My mum hid them away behind the boiler FGS! and talked in whispers ( we were the only people in the house)

seriously - can yo see the envoronmkent we can create

my mum - secretive, shameful
me - celebratory - normal ( i hope)

it doesn't need serious talks - it needs unserious talks whilst your cooking tea or washing the pots

IMO

Weegiemum · 12/06/2008 22:42

Thankyou! You ladies are wonderful.

I know I am freaked out by the question did I do it ok for my dsis (for many very complicated reasons I am no longer in touch with ehr so cant ask).

I want to make it as natural as possible for her. We are pretty relaxed about nudity etc so she has seen and sees every day adult bodies, and has never asked anything - though as oldet child of a keen breastfeeder she knows ALL about that!

Glad this will be DH's responsibility with ds (age 6, obsessed with his willy!)

OP posts:
LargeGlassofRed · 12/06/2008 22:51

have talked it through with dd1 also 8 and a half have always talked about it openly and got her the book whats happening to me a few months ago.
My periods started at 9 and I thought I was dying, really don't want her to go through that.

mymblemummy · 13/06/2008 01:22

I just told her when she asked about the box of tampons in the shopping basket.

I think she was about six, and I said something about blood being used to make a nest for a baby inside you, and if you didn't start growing a baby the blood came out to make room for a fresh nest.

She seemed quite happy with that, and I really didn't want her growing up with the impression menstruation is some sort of dirty secret.
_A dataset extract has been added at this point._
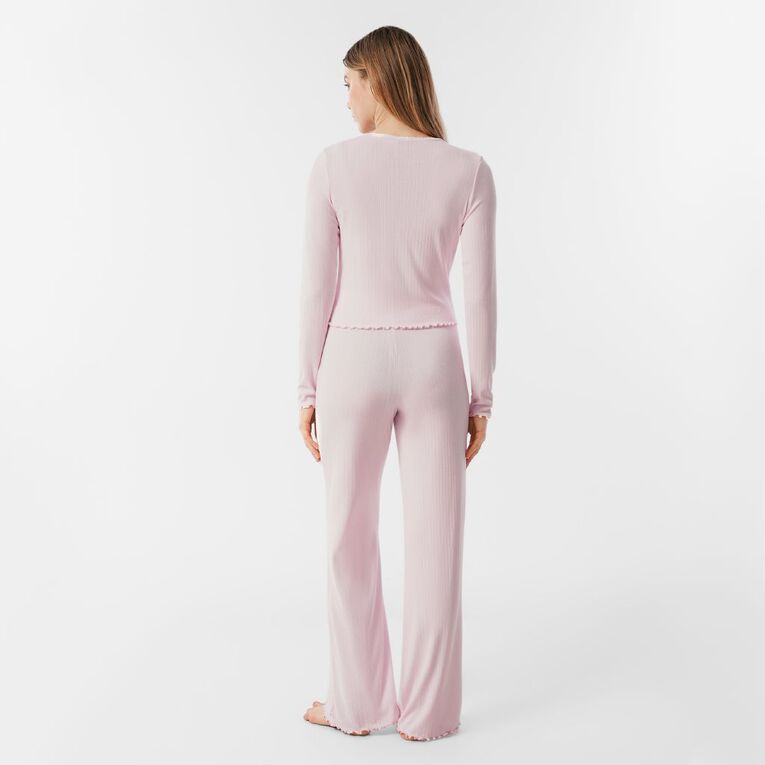 H&H Women's Pointelle Long Sleeve Pyjama Set, Pink Light, hi-res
Weegiemum · 13/06/2008 03:15

I would have told her I think if it had come up naturally but it never has (I'm a mooncup user ... so no sanpro to explain). SHe has up until now not even been interested much in where babies come from - she was very little when her siblings were born, just before she was 2 and a couple of months before she was 4.
I have kind of shrugged off any baby questions to her daddy, as he's a doctor, and she does tend to go to him with amatomical type questions as she knows its him who is supposed to know - I get just about everything else ( you know, Mum, youre a teacher!)

But I do feel that this is something Mum should do. I'll be more aware of opportunities, and if there arent any, try to get a chance to talk to her over the summer holidays.

OP posts:
cory · 13/06/2008 10:34

I'd try to find a way to let it slip naturally into conversation, rather than brace yourself for the Big Talk.